Conseil d'État, 9ème - 10ème chambres réunies, 28/01/2019, 407421

Références

Conseil d'État

N° 407421   
ECLI:FR:CECHR:2019:407421.20190128
Mentionné dans les tables du recueil Lebon
9ème - 10ème chambres réunies
M. Aurélien Caron, rapporteur
Mme Emilie Bokdam-Tognetti, rapporteur public
SCP PIWNICA, MOLINIE, avocats


lecture du lundi 28 janvier 2019
REPUBLIQUE FRANCAISE

AU NOM DU PEUPLE FRANCAIS



Texte intégral

Vu la procédure suivante :

M. et Mme A...ont demandé au tribunal administratif de Lyon de prononcer la décharge des cotisations supplémentaires d'impôt sur le revenu et de contributions sociales auxquelles ils ont été assujettis au titre des années 2003 et 2004 ainsi que des intérêts de retard correspondants. Par un jugement n° 1201287 du 20 mai 2014, le tribunal administratif de Lyon a rejeté leur demande.

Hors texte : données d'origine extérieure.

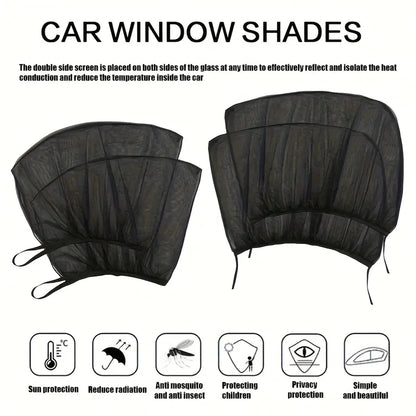 4-Piece Car Window Sunshade Set, Front & Rear Privacy Screens for Cars & SUVs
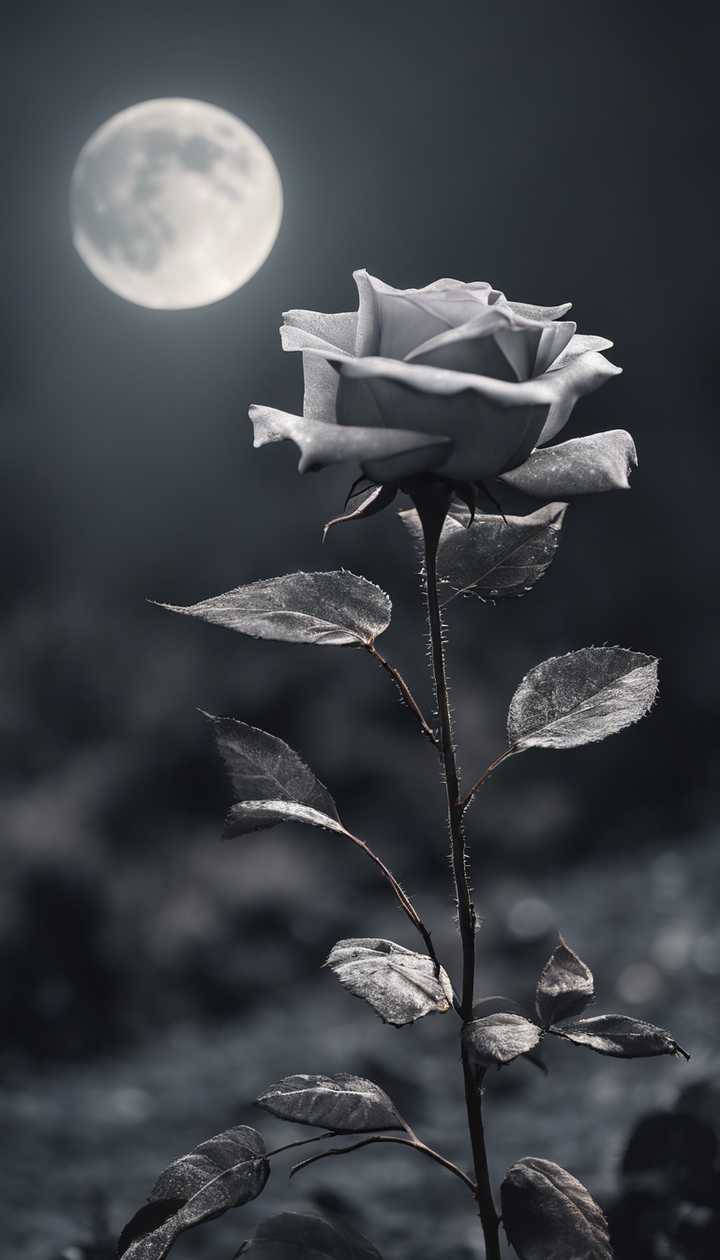 720x1260 A lone black rose blooming under a silvery full moon. Wallpaper [f433f53e13f64a808e8a]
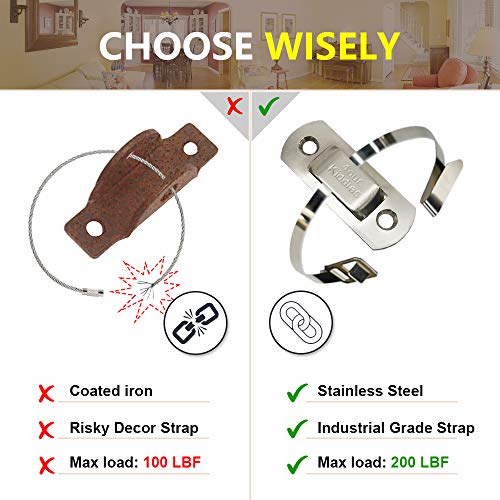 Metal Furniture Straps (8 Sets) Dresser Wall Anchors, Furniture Anchors for Baby Proofing Child Safety, Anti Tip Furniture Kit Wall Mount Earthquake Resistant Straps for Bookcase, Drawer, Cabinet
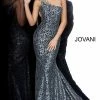 Jovani 3927 Iridescent Embellished Lace Long Mermaid Prom Dress On Shoulder Mermaid Dresses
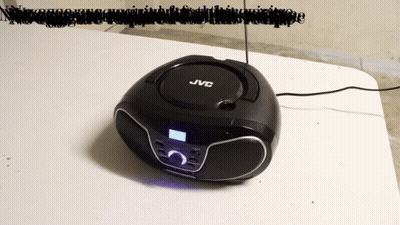 Black JVC Radio On Table GIF
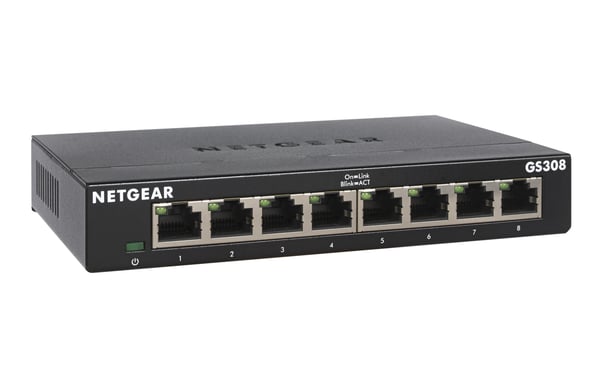 NETGEAR GS308-300PES switch No administrado L2 Gigabit Ethernet (10/100/1000) Negro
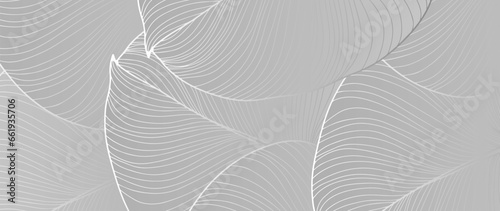 Delicate abstract gray background with large leaves. Vector background for various designs, decor, wallpapers, covers.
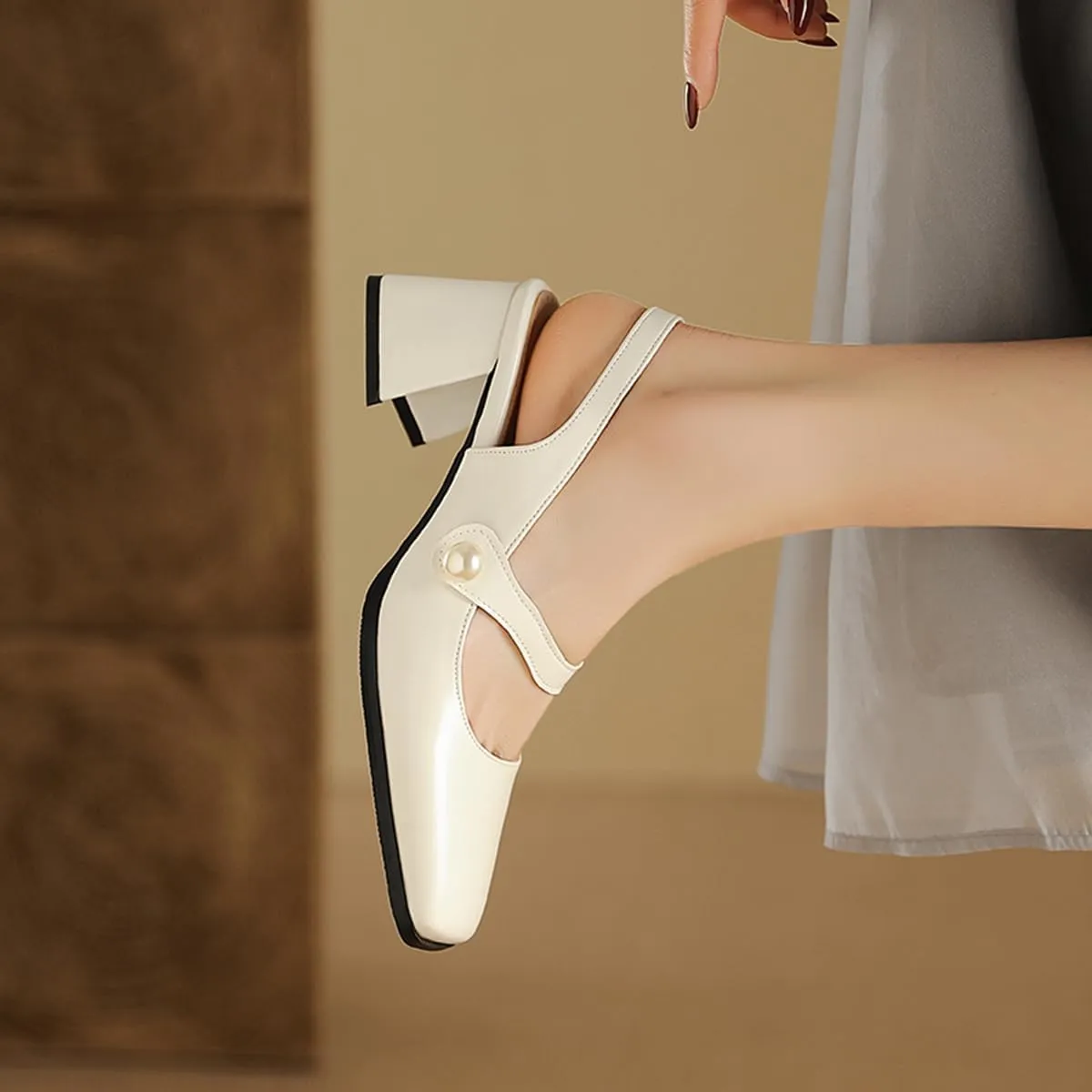Roimaash Sweet Mid Heels Mary Janes for Women Square Toe Dressy Pumps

Par un arrêt n° 14LY02357 du 1er décembre 2016, la cour administrative d'appel de Lyon a rejeté l'appel formé contre ce jugement.

Par un pourvoi sommaire, un mémoire complémentaire et trois autres mémoires, enregistrés les 1er février, 28 avril, 27 juillet et 7 décembre 2017 et le 26 octobre 2018 au secrétariat du contentieux du Conseil d'Etat, M. et Mme A...demandent au Conseil d'Etat :

1°) d'annuler cet arrêt ;

2°) réglant l'affaire au fond, de faire droit à leur appel ;

3°) de mettre à la charge de l'Etat la somme de 4 000 euros au titre de l'article L. 761-1 du code de justice administrative.


Vu les autres pièces du dossier ;

Vu :

- la Constitution ;
- le traité instituant la Communauté européenne et le traité sur le fonctionnement de l'Union européenne ;
- le code général des impôts ;
- la loi n° 98-1266 du 30 décembre 1998 ;
- la loi n° 2009-1674 du 30 décembre 2009 ;
- la décision n° 2016-614 QPC du 1er mars 2017 ;
- le code de justice administrative ;

Après avoir entendu en séance publique :

- le rapport de M. Aurélien Caron, auditeur,

- les conclusions de Mme Emilie Bokdam-Tognetti, rapporteur public.

La parole ayant été donnée, avant et après les conclusions, à la SCP Piwnica, Molinié, avocat de M. et MmeA.en France




Considérant ce qui suit :

1. Il ressort des pièces du dossier soumis aux juges du fond qu'à l'issue d'un examen contradictoire de leur situation fiscale personnelle, M. et MmeA..., qui détenaient 99,938 % du capital de la société de droit luxembourgeois Fiducial Financière du Luxembourg Holding SA, ont été assujettis à des cotisations supplémentaires d'impôt sur le revenu et de contributions sociales au titre des années 2003 et 2004 à raison notamment de revenus réputés distribués par cette société en application de l'article 123 bis du code général des impôts. M. et Mme A...se pourvoient en cassation contre l'arrêt du 1er décembre 2016 par lequel la cour administrative d'appel de Lyon a confirmé le jugement du tribunal administratif de Lyon du 20 mai 2014 rejetant leur demande tendant à la décharge de ces impositions.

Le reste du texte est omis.